Information shown START

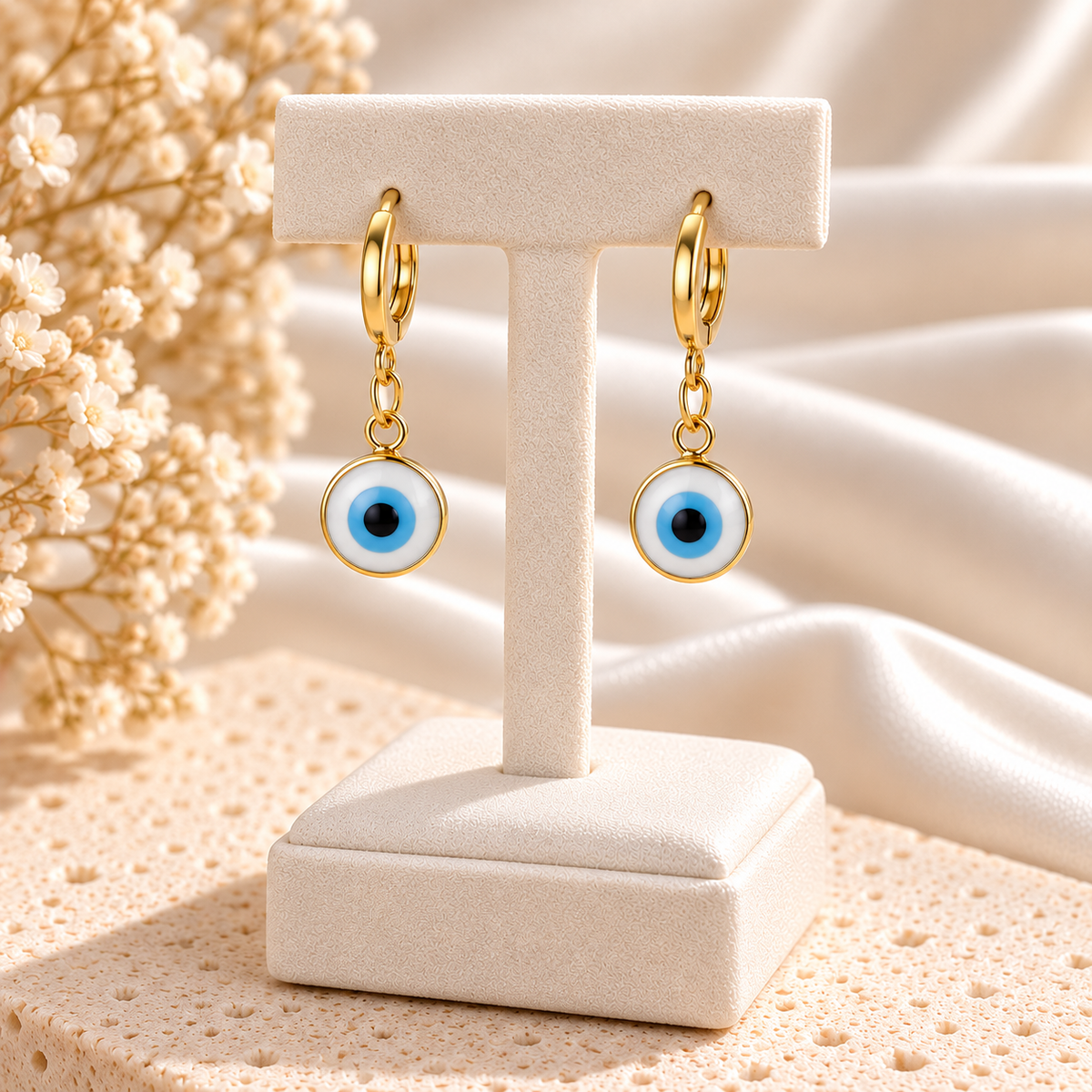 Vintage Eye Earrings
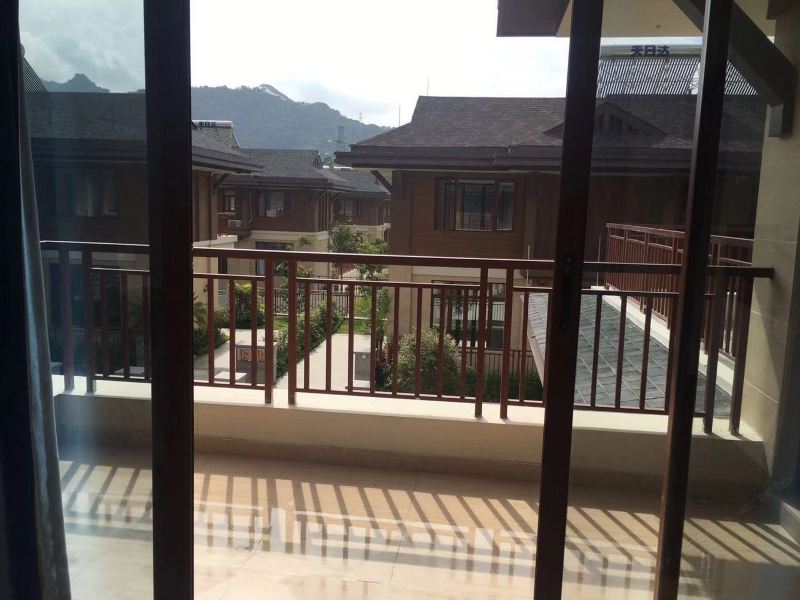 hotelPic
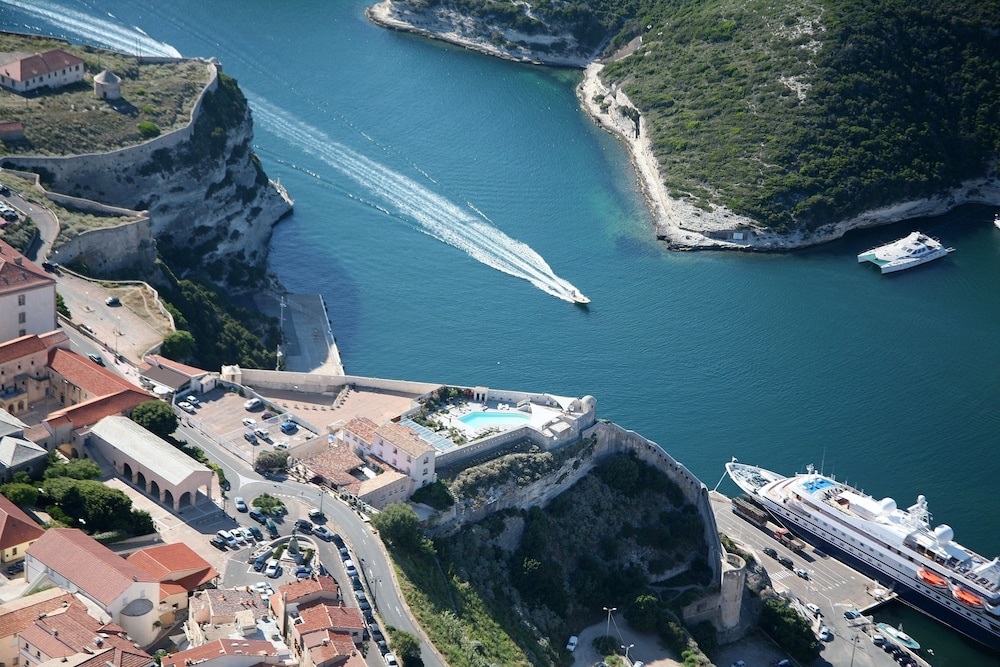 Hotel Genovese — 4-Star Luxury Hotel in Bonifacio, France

Information shown END

■ **Problem**
Write the listing above out again exactly, but not the images it holds.

■ **Answer below**
 Vintage Eye Earrings
 hotelPic
 Hotel Genovese — 4-Star Luxury Hotel in Bonifacio, France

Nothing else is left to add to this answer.